*Available data*
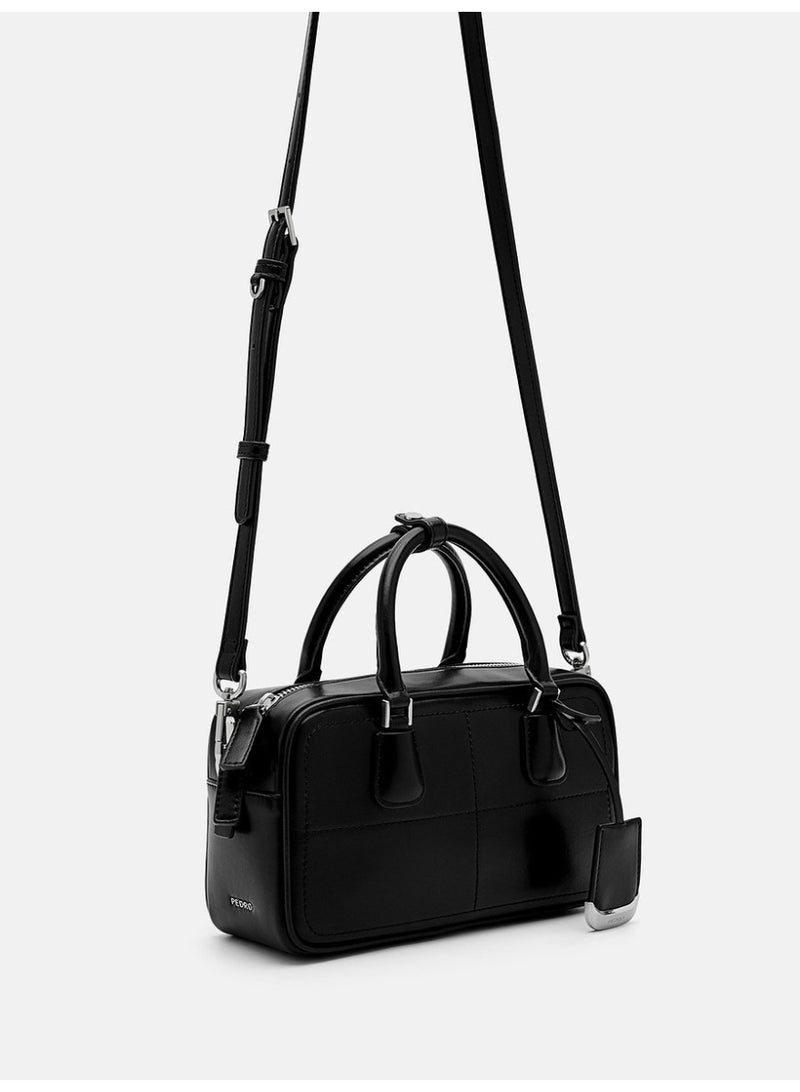Pedro Jatte Leather Crossbody Pouch - Black - Image 2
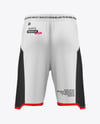 Basketball Shorts Mockup - Back View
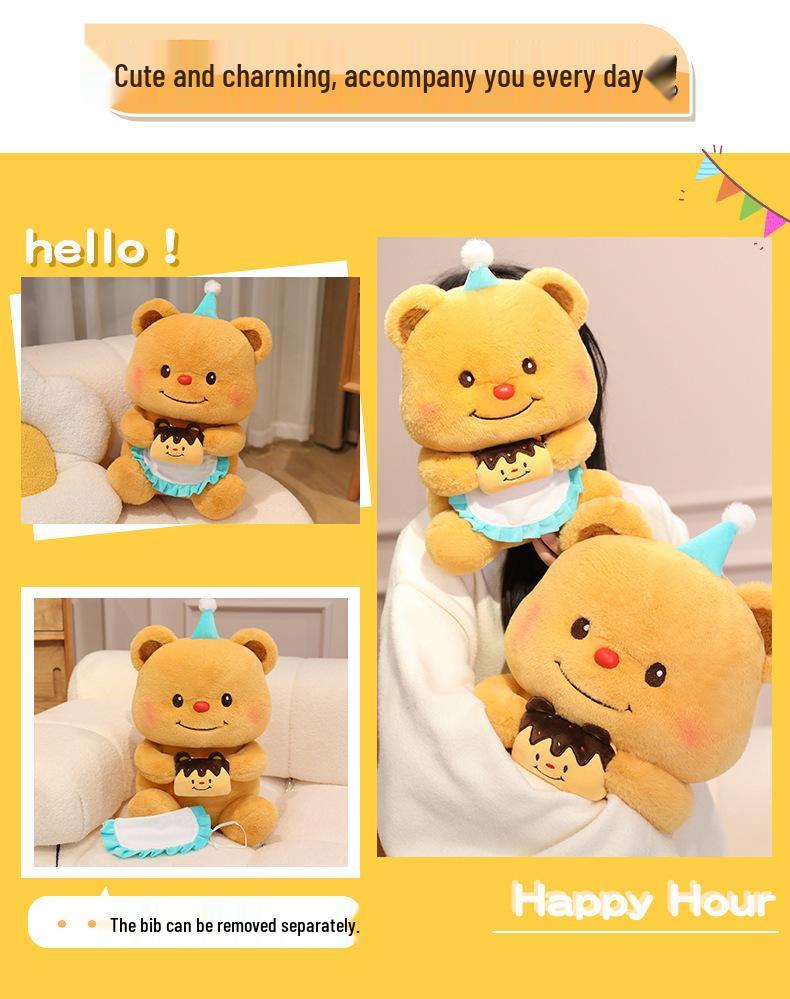 Cute Little Bear Plush Toy: Birthday Gift & Hugging Pillow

*Task to complete*
In the copy, omit the pictures and give every line of the data exactly.

*Result for this task*
Pedro Jatte Leather Crossbody Pouch - Black - Image 2
 Basketball Shorts Mockup - Back View
 Cute Little Bear Plush Toy: Birthday Gift & Hugging Pillow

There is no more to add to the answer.